# Homework Help: Waves & Sound: How deep is your well?

1. Nov 20, 2004

### internetimothy

I'm working on a problem for my Grade 11 class.

A stone is dropped down a well, and, 16 seconds later, the sound of it splashing into the water is heard by people at ground level. The temperature in the well is 10 degress celsius.

I'm asked to find the depth of the well. So, what I've done so far is this...

I've said the change in time for the falling rock will be 'y' and the change in time for the sound travelling back up will be '16 - y'. The distance from the top of the well to the point of impact (source of the sound) is 'x'. Given negligible air resistance and whatnot, a = g. The speed of the sound returning up the well will be 332 m/s + 0.6 (10 degrees C), or 338 m/s.

I've taken my kinematics equations, and said that, for the falling rock, x = 1/2gy^2, and for the sound travelling up, x = 338 m/s * (16-y). I've set the two equal, but I can't do anything past this point. For some reason, I can't remember the algebraic ... uh, stuff.. that I'd need to do this. I'm thinking I should convert what I have to a quadratic (a + b -c = 0?) and then use the quadratic equation, but I can't remember how to do that.

2. Nov 20, 2004

### vsage

1/2*9.8*y^2 = 338(16-y) is what you have. Converting to ay^2 + by + c = 0 shouldn't be too bad: Just distribute the 338 on the right hand side and subtract it over to the left hand side.

3. Nov 20, 2004

### Integral

Staff Emeritus
Looks like you have done the hard part correctly, this getting the correct relationships. I am surprised that you can't finish the simple algebra!
You have:
$$x = \frac {gy^2} 2 = v_s ( 16-y)$$
( vs is the speed of sound )
so now all you need do is assemble the pieces to get the standard from of a quadratic.
First distribute vs across the RHS (Right Hand Side)

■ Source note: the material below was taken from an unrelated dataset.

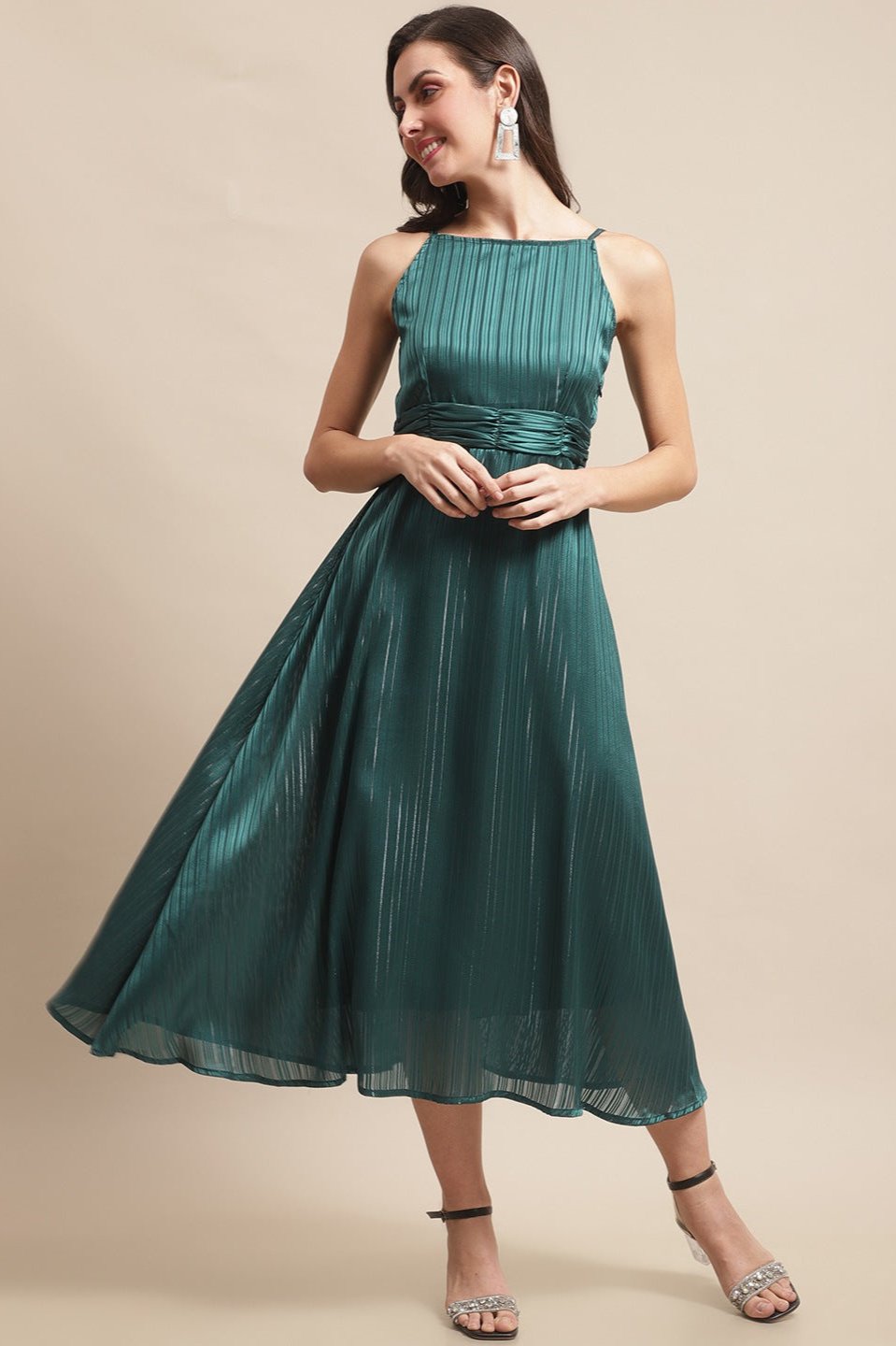 Woman wearing green printed georgette dress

$$x = \frac {gy^2} 2 = v_s 16- v_s y$$
$$x = -(v_s 16-v_s y)$$

to each side, to get,

$$\frac {gy^2} 2 + v_s y - 16 v_s = 0$$

Now for a refresher

$$ax^2 + bx +c =0$$
The roots are:

$$x = \frac { -b \pm \sqrt{b^2 - 4 ac}} 2a$$

Can you complete your problem now?

4. Nov 20, 2004

### internetimothy

Mmm..awesome. Yeah, I can do this now. Thanks!

5. Nov 21, 2004

### Physics is Phun

just to be clear once you have the change in time for the falling rock you can the put that time into d= at^2/2 correct? just for future reference, what is the correct answer?

6. Nov 21, 2004

### Sirus

Just to avoid any confusion, I believe you meant the a to be in the denominator as well.

Last edited: Nov 21, 2004
7. Nov 22, 2004

### Integral

Staff Emeritus
Sirus,

As you well know you are correct! Unfortunately, it is now to late to fix the error so it must stay as is.